В «Записках» Горянчиков сходным образом описывал поведение крестьян-каторжников в церкви:
Я давно не был в церкви. Великопостная служба, так знакомая еще с далекого детства, в родительском доме, торжественные молитвы, земные поклоны все это расшевеливало в душе моей далекое-далекое минувшее, напоминало впечатления еще детских лет, и, помню, мне очень приятно было, когда, бывало, утром, по подмерзшей за ночь земле, нас водили под конвоем с заряженными ружьями в божий дом. <> В церкви мы становились тесной кучей у самых дверей, на самом последнем месте, так что слышно было только разве голосистого дьякона <> Я припоминал, как, бывало, еще в детстве, стоя в церкви, смотрел я иногда на простой народ, густо теснившийся у входа <> Там, у входа, казалось мне тогда, и молились-то не так, как у нас, молились смиренно, ревностно, земно и с каким-то полным сознанием своей приниженности. Теперь и мне пришлось стоять на этих же местах, даже и не на этих; мы были закованные и ошельмованные <> помню, мне это было даже как-то приятно, какое-то утонченное, особенное ощущение сказывалось в этом странном удовольствии. «Пусть же, коли так!» думал я [Достоевский 4: 176177][23].

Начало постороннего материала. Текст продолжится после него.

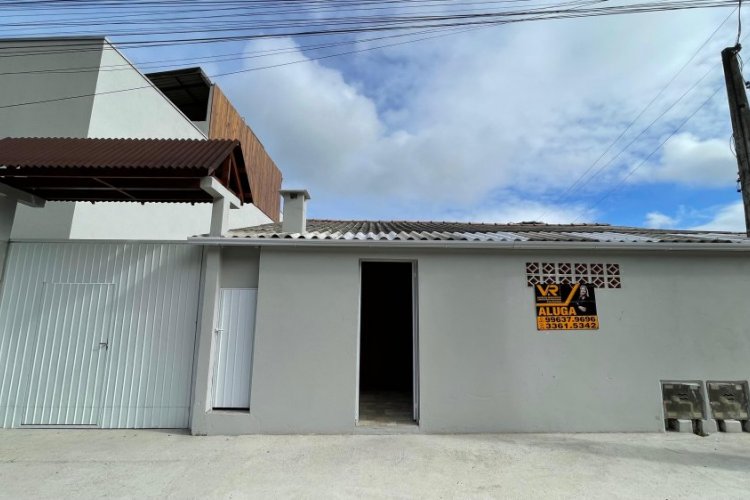 CASA 01 - TRREO - ALTO SO BENTO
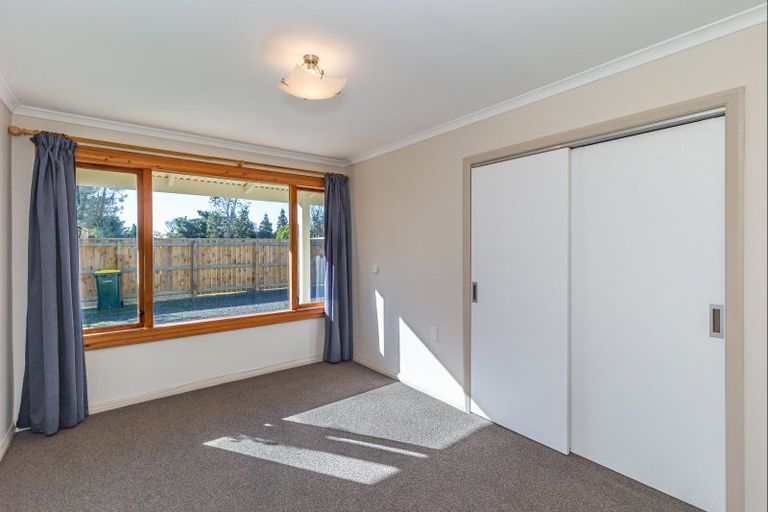 Photo of property in 8 Whelans Road, Levin, 5571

Достоевский-художник прекрасно осознавал силу притчи, ценность косвенного и лишенного назидательности выражения заветных чувств. (Эта мысль мелькнула даже в его исповедальном письме к Фонвизиной, в котором он рассказывал о своем духовном состоянии.) Однако в публицистике писатель отважно приближался к опасной пропасти прямого высказывания, хотя и сам, как мы уже видели в его статье о выставке 1873 года, осознавал рискованность такого тенденциозного подхода. (Нельзя не вспомнить Мышкина в «Идиоте» и его точные слова о том, что, пытаясь прямо выразить идеи, он их унижает. Князь сетует на отсутствие у него чувства меры: «Есть такие идеи, есть высокие идеи, о которых я не должен начинать говорить, потому что я непременно всех насмешу <> У меня нет жеста приличного, чувства меры нет; у меня слова другие, а не соответственные мысли, а это унижение для этих мыслей» [Достоевский 8: 283][24].) Острое осознание Достоевским опасностей, присущих «мессианской» журналистике, его частые предостережения против прямого выражения заветных идей всего этого оказывалось недостаточно, чтобы удержать писателя от того, против чего он сам же предостерегал. Он не мог сопротивляться желанию выразить себя в публицистической форме.